The First Lady (Redux)

I admit for the record – though I’m not sure that there is such a thing or that this reading would constitute an entry in it if one were to exist – that the other night, the night of the President’s long-delayed announcement of his “new strategy for success in Iraq” I dreamt I was in bed with his wife, the first lady. It was an innocent sort of affair, if affairs can be called innocent: we were in a log cabin, under the covers, while her aids waited on the other side of the door. For a woman old enough to be my mother, the first lady was remarkably child-like. Her innocence allowed her to do things that would make less innocent people cringe. I don’t mean that we did anything especially awful; there wasn’t any sex, in the strict Clintonian sense of the word; we were only cuddling under the sheets, but this was extramarital cuddling, with someone who did not vote for her husband and did not respect him - it was not conduct that would be considered fitting for a woman of her stature. For me, it was embarrassing, even at the time, the way that one feels embarrassed for people who are making fools of themselves, no matter how much one dislikes them, though I was also making a fool of myself, since, in my embarrassment, I got into bed with her.

Still, I’m not sure if this qualifies as an erotic dream. It was more of a sleepover party. At one point when we were cuddling, I remember, she said, “I think I need to masturbate now,” a sentence which one rarely hears these days, even in the most intimate situations, and it embarrassed me, as it would naturally, and I didn’t know what to do.
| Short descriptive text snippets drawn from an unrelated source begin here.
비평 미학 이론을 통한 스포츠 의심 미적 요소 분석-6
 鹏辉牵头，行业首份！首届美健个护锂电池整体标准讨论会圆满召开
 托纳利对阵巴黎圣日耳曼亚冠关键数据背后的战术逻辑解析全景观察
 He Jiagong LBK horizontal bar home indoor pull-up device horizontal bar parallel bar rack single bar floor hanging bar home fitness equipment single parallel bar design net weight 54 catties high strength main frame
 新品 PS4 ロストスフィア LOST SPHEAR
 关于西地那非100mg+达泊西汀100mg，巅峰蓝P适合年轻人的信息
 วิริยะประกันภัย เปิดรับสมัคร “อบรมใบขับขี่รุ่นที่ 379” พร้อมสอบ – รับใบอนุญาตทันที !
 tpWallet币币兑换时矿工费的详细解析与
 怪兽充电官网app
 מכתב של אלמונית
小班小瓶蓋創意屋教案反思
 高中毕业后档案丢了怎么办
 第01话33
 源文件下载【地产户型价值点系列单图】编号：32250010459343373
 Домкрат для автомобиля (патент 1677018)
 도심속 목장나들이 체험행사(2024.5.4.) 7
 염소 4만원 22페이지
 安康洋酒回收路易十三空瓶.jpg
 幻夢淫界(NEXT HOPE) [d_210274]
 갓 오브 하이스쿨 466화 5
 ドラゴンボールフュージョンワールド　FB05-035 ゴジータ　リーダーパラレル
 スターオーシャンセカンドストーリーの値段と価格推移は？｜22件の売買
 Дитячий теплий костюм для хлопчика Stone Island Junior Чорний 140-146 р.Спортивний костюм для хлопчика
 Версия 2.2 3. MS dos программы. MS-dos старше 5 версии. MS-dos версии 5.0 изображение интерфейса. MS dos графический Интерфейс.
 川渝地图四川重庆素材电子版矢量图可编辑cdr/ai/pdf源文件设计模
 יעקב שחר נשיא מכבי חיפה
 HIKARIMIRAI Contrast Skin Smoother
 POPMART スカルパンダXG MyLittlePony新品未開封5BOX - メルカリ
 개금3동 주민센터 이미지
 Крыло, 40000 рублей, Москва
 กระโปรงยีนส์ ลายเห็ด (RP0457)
I think I encouraged her to express herself, I don’t know, I’m a teacher: that’s the sort of stupid thing I might say. I know I didn’t stop her. I also know that she wasn’t naked, she might have been in her underwear, she might just have taken off her pants and shoes to cuddle more comfortably, she might have kept on her socks, I have no visual memory of this, but I remember thinking that she was going at it, so to speak, as if this were the first time, like the song “she’s a maniac, maniac, on the dance floor, and she’s dancing like she’s never danced before” that always stuck in my head when I was younger because it suggested two perfectly opposite interpretations. As does this dream, since I can’t figure it out if it was treasonous or dangerously patriotic.

That was the last thing I remember clearly. I think we came out of the bedroom into the foyer where her aid, a young girl with brown wavy hair and an air of Washington professionalism, was waiting with a clipboard. I greeted her with an embarrassed grin, as if only she and I understood what her boss had just done, and, for that reason, neither of us could say a word. The first lady, still oblivious, gave me a quick, girlish hug, saying something about how she hoped we would “play together” again soon, and they drove off in a black SUV with tinted windows. The next morning I was still humming “Maniac” when I read the president’s declaration that “our success in this war is often measured by the things that did not happen.”